Global Convergence and Stability of Stochastic Gradient Descent
This provides theoretical confidence for applying SGD to a broader range of stochastic optimization problems, addressing a foundational gap in ML theory.
The paper tackles the problem of SGD theory making restrictive assumptions about non-convexity and noise models in real-world machine learning, establishing that SGD iterates globally converge to a stationary point or diverge under nearly arbitrary conditions, and showing the objective function cannot diverge under a generalized assumption.

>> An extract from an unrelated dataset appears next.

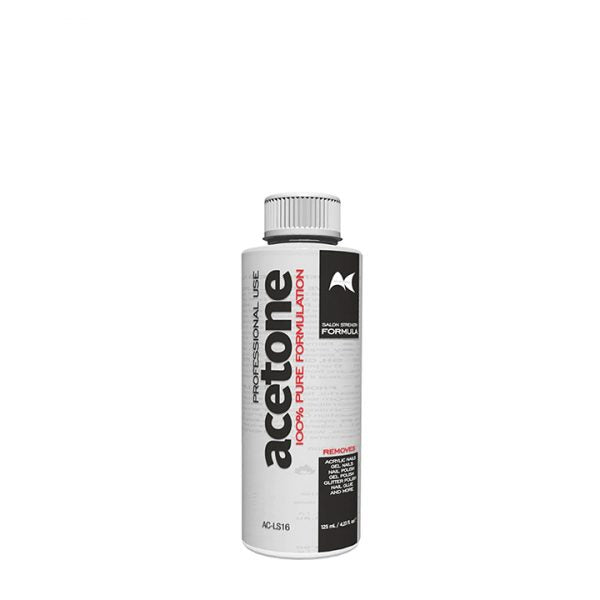 Artist Choice Acetone 125ml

In machine learning, stochastic gradient descent (SGD) is widely deployed to train models using highly non-convex objectives with equally complex noise models. Unfortunately, SGD theory often makes restrictive assumptions that fail to capture the non-convexity of real problems, and almost entirely ignore the complex noise models that exist in practice. In this work, we make substantial progress on this shortcoming. First, we establish that SGD's iterates will either globally converge to a stationary point or diverge under nearly arbitrary nonconvexity and noise models. Under a slightly more restrictive assumption on the joint behavior of the non-convexity and noise model that generalizes current assumptions in the literature, we show that the objective function cannot diverge, even if the iterates diverge. As a consequence of our results, SGD can be applied to a greater range of stochastic optimization problems with confidence about its global convergence behavior and stability.